Vengono da lontano, sbarcano in Italia, arraffando tutto il possibile, per poi dirigersi verso la prossima preda. In fondo, potrebbero essere dipinti come i nuovi pirati. Anche se vestono firmato, parlano le lingue e, quando se ne vanno, tocca pure ringraziarli. In molti staranno interpretando in questi termini l’annuncio di Aabar, il fondo sovrano di Abu Dhabi, di salire nel capitale di Unicredit, candidandosi a diventarne il primo azionista “singolo”, e rafforzando la propria quota che passerebbe al 6,5% dall’attuale 4,99%. «Di per sé, non rappresenta certo un problema, anzi. Tutto dipende dal genere di obiettivi che il fondo si pone» spiega, interpellato da ilSussidiario.net Rocco Corigliano, professore di Economia degli intermediari finanziari presso l’Università di Bologna. Secondo il quale, per Unicredit, si tratta di una notizia estremamente positiva. «Se ha riscosso l’interesse di un fondo sovrano significa che, evidentemente, è giudicata una banca con prospettive di reddito e profittabilità. C’è da aggiungere che quando un fondo sovrano investe lo fa con obiettivi di medio-lungo periodo, tali per cui è chiaro che ritenga il piano industriale di Unicredit serio».
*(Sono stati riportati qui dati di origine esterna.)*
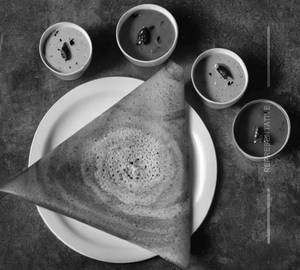 Mysore cheese masala dosa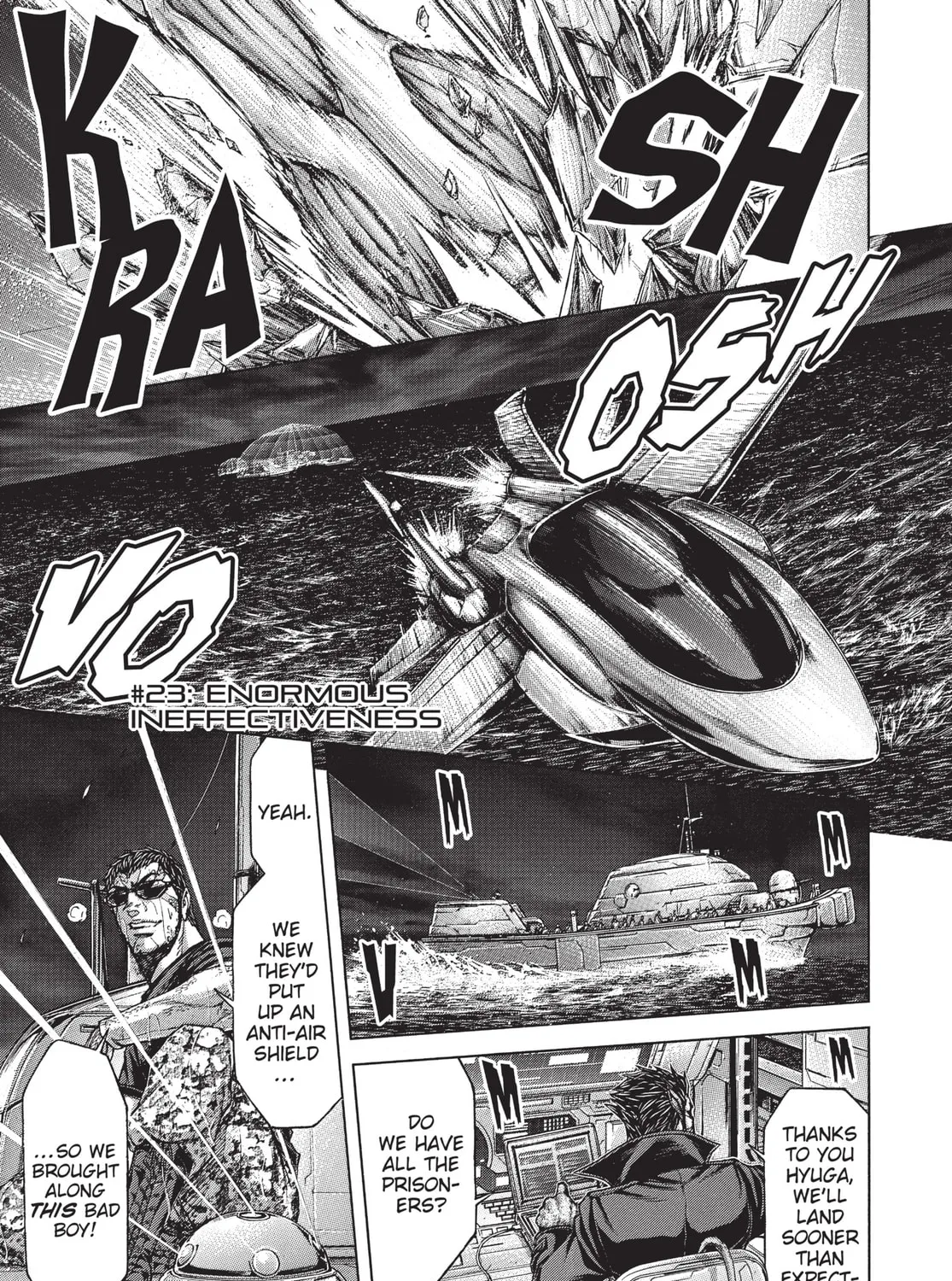 Read Terra Formars chapter 196 image 6 on Lezhin
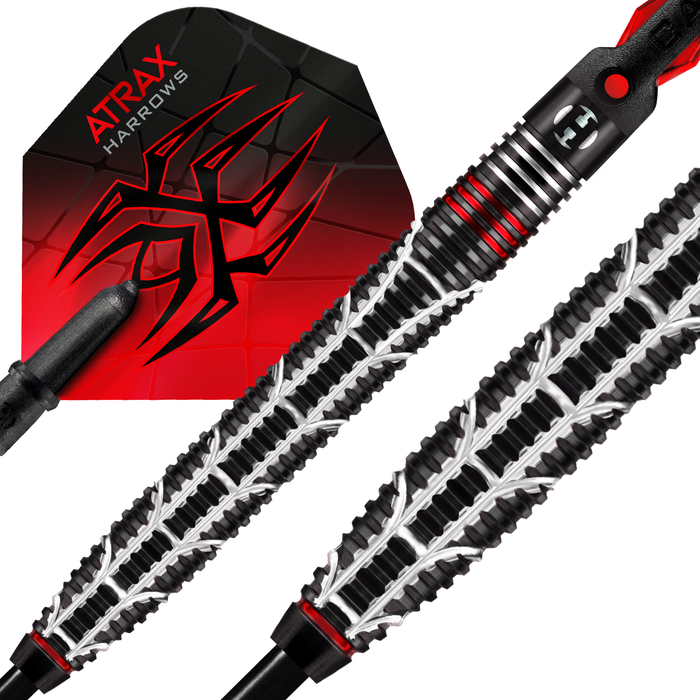 Atrax 95% Tungsten - Steel Tip Dart Set - Image 2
Secondo il professore, quindi, l’obiettivo di fondo «non è quello di gestire la banca modificandone le linee d’azione, ma squisitamente finanziario. È molto probabile che lascerebbero all’attuale management la realizzazione del piano industriale». Risulta difficile pensare che il maggior azionista di un’impresa non intenda modificarne gli assetti del board. «Sarebbe il maggior azionista, è vero – replica Corigliano -. Ma lo sarebbe con soltanto poco più del 6%. Una maggioranza relativa, all’interno di un azionariato molto diluito dove, di conseguenza, i vertici si stabiliscono attraverso un patto di sindacato e non sono necessariamente espressione dei principali azionisti».
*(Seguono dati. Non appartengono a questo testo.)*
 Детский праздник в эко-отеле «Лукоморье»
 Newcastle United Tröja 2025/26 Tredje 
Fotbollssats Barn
Per Corigliano, l’iniziativa è quanto mai benefica se letta alla luce della possibilità di aumentare ulteriormente il capitale. «La necessità di seguire l’indicazione dell’Eba si è verificata nel momento peggiore in assoluto. Una banca, infatti, deve poter scegliere il momento in cui effettuare l’aumento. Che, invece, è stato imposto dall’esterno e, per giunta, in momento di crisi estrema del debito sovrano; tale crisi peggiora la sua situazione patrimoniale, dato che il valore dei titoli di Stato viene computato ai valori di mercato anche se rimarranno nel portafoglio della banca sino alla sua scadenza». Secondo il professore, «il rafforzamento patrimoniale conferisce a Unicredit nuova liquidità che gli consentirà di erogare credito tagliando, magari, i tassi (anche se il taglio dipende da una serie di fattori, tra cui lo spread)».
In teoria, anche i 116 miliardi erogati dalla Bce alle banche italiane sarebbero dovuti servire per tagliare i tassi di interesse del denaro prestato. «A tal proposito, c’è un grave indicatore: la grande quantità di depositi che si stanno raccogliendo presso la Bce. Essa quindi immette liquidità nel sistema, che invece che essere utilizzata viene ridepositata. Un assurdo derivante dalla situazione in cui si trova a operare oggi il sistema bancario, non solo italiano, dominata dalla sfiducia. Il che non consente al mercato interbancario di svolgere la propria attività in condizioni normali». E Unicredit? «Dopo il rafforzamento, credo che nel suo piano industriale rientri l’intenzione di usare la liquidità di cui disporrà per finanziare l’economia».